# Proposition

Suppose $U\colon\Omega\to\mathbb R$ is a non-constant harmonic function, i.e. $U\in\mathcal C^\omega$, i.e. analytic, and $\Delta U=0$, where $\Omega\subseteq\mathbb R^n$ is a region. Then every equilibrium of the system $\ddot x=-\nabla U$ is unstable in the sense of Lyapunov.

(In other words, suppose $(x_0,y_0)$ is an equilibrium of $\dot x=y,\dot y=-\nabla U$, then $(x_0,y_0)$ is unstable.)

# Discussion

In electrostatic, the preceding statement is known as Earnshaw's theorem.
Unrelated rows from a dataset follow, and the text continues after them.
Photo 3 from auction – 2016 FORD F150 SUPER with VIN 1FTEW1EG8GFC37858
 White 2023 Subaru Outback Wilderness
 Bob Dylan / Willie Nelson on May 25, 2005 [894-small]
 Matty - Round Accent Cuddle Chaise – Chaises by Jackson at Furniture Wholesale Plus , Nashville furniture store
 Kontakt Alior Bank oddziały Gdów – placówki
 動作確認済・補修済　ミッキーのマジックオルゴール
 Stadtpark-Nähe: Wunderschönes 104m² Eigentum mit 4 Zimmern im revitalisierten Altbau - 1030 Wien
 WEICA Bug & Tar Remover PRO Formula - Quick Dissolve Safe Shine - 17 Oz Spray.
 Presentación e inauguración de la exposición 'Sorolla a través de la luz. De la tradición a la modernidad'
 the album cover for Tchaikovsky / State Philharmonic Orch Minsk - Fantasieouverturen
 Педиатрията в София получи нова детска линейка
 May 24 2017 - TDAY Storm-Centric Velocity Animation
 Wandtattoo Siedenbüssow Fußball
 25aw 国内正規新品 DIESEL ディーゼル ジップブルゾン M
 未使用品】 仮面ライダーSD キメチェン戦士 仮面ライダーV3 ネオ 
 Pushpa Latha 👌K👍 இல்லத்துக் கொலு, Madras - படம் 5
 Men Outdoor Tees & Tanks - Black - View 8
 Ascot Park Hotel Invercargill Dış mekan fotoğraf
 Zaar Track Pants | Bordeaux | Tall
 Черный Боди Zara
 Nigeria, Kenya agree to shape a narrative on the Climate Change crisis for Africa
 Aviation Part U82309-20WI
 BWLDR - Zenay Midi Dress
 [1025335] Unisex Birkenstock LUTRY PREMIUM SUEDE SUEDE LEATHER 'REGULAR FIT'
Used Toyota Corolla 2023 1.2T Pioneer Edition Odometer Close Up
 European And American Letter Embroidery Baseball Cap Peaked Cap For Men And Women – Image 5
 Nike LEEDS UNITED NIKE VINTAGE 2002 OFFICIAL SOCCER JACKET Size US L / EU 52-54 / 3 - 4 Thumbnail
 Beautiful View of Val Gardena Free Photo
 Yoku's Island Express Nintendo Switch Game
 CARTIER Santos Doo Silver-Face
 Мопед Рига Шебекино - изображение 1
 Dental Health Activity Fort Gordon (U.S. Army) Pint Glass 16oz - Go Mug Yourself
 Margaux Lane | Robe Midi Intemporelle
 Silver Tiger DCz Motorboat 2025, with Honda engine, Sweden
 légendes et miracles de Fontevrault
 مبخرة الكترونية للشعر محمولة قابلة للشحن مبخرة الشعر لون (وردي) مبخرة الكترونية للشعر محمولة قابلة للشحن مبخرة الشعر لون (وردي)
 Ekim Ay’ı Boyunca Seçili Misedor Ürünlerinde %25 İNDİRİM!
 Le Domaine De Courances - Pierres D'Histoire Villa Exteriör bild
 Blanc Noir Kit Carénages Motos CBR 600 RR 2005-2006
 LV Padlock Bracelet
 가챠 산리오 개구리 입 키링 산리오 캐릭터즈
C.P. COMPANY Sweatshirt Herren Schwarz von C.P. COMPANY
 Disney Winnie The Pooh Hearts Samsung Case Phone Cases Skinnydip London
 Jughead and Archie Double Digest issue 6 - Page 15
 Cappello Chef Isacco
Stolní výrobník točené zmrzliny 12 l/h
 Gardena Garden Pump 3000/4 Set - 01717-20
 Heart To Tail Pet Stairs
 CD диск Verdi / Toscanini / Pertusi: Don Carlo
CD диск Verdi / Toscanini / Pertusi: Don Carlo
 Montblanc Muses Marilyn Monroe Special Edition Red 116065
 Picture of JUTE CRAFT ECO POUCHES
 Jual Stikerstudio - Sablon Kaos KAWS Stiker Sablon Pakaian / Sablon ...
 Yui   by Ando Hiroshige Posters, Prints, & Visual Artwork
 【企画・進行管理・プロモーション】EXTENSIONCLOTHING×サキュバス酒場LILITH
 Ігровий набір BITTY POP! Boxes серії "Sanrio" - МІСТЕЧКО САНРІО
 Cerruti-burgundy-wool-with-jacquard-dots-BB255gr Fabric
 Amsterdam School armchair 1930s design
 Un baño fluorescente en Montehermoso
However, the proofs I saw aren't completely rigorous. They rely on the maximum principle of harmonic functions, and the following statement:

If $\nabla U(x_0)=0$ and $x_0$ isn't a strict local minimum, then the equilibrium $x=x_0,\dot x=0$ is unstable.

However, in V.I.Arnold's Mathematical Methods of Classical Mechanics, it's said that

It seems likely that in an analytic system with $n$ degrees of freedom, an equilibrium position which is not a minimum point (of the potential energy) is unstable; but this has never been proved for $n>2$.

In addition, $\Delta U=0$ implies that the Hessian $H$ of $U$ at $x_0$ satisfies $\operatorname{tr}H=0$. If $H$ has a negative eigenvalue (otherwise $H=0$), then by spectrum theorem of symmetric matrix $H$ and the theory of linearization, system is unstable at $x_0$. However, there's no evident that $H\neq0$.

Any idea? Thanks!